Türkiye Psikiyatri Derneği'nden yapılan yazılı açıklamada; Neurofeedback (NF) eğitiminin, kişinin beyin dalgalarını geri bildirim aracılığıyla şekillendirme çalışması olduğuna dikkat çekildi.
Bu işlem sırasında kişinin kafa derisi ve kulak memeleri üzerine elektrodlar konularak beyin aktivitelerinin bir bilgisayara aktarılıp, görünür hale getirildiği kaydedildi. "Bu yöntem, normal koşullarda beyin aktivitelerimizin bilincinde olmadığımız için onları değiştiremeyeceğimiz, ancak onları bir bilgisayar üzerinde oluştuklarından saniyenin birkaç binde biri gibi kısa bir süre sonra görebilirsek onları etkileyebileceğimiz ve değiştirebileceğimiz varsayımı üzerine dayanır." denildi. Bu yöntemin ilaçla tedaviye alternatif olarak ortaya çıktığı kaydedilen açıklamada; yöntemin dikkat eksikliği, aşırı hareketlilik, öğrenme bozuklukları, otizm, felç, kafa travmaları, kontrol edilemeyen sara, alkol ve madde bağımlılığı, depresyon, anksiyete, obsesif kompulsif bozukluk, travma sonrası stres bozukluğu, uyku bozukluğu, sporcularda, müzisyenlerde, dansçılarda performans artırmak amacıyla kullanılabileceğinin ileri sürüldüğü hatırlatıldı.
Uygun olmayan NF eğitiminin epilepsi dışındaki klinik durumlarda da ters etkilere yol açtığı kaydedilen açıklamaya şöyle denildi: "NF tedavisi sırasında gözlenen ters etkiler arasında; duygusal değişkenlik ve vokal tikler, bedensel yakınmalar, kas seğirmeleri, alt ıslatma, uyku bozuklukları, obsesif-kompülsif bozukluk belirtileri, kaygı atağı, sinirlilik, depresyon, mizaç değişiklikleri, konuşma bozuklukları vb. sayılabilir. Kötü tedavi riskleri, sadece zaman ve para kaybı olmayıp, bunun ötesine de uzanabilir."

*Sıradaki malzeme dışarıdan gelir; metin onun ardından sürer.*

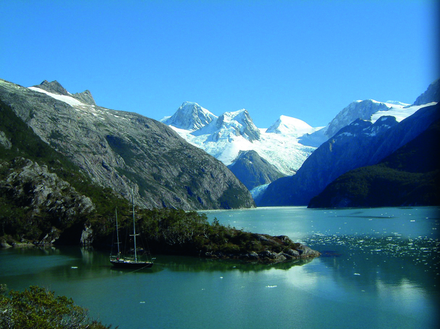 Elemen'Terre est une odyssée étalée sur 4 ans et passant par les 3 caps : Horn, Bonne-Espérance et Leeuwin.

Açıklamada, NF yönteminin geniş bilimsel verilere dayanmadan ve her türlü hastalığın tedavisinde etkin bir yöntem olarak tanıtılarak denetimsiz bir şekilde uygulanmasının toplum ruh ve beyin sağlığı açısından ciddi bir tehdit oluşturduğu vurgulandı.
Amerika İlaç ve Gıda İdaresi (FDA)'nin NF uygulamaları için kurallar koyduğu belirtilen açıklamada, "NF uygulaması için FDA onayı sadece gevşeme vakalarında ve araştırma amaçlı olarak belirlenmiştir. Onay dışı kullanım araştırmalar için ve özel izne, koşullara tabidir. Ülkemizde ise bu uygulama ile ilgili yasal bir düzenlememe bulunmamakta ve bu yöntemin denetimsiz kullanımı önemli bir halk sağlığı sorunu olarak görünmektedir." ifadelerine yer verildi.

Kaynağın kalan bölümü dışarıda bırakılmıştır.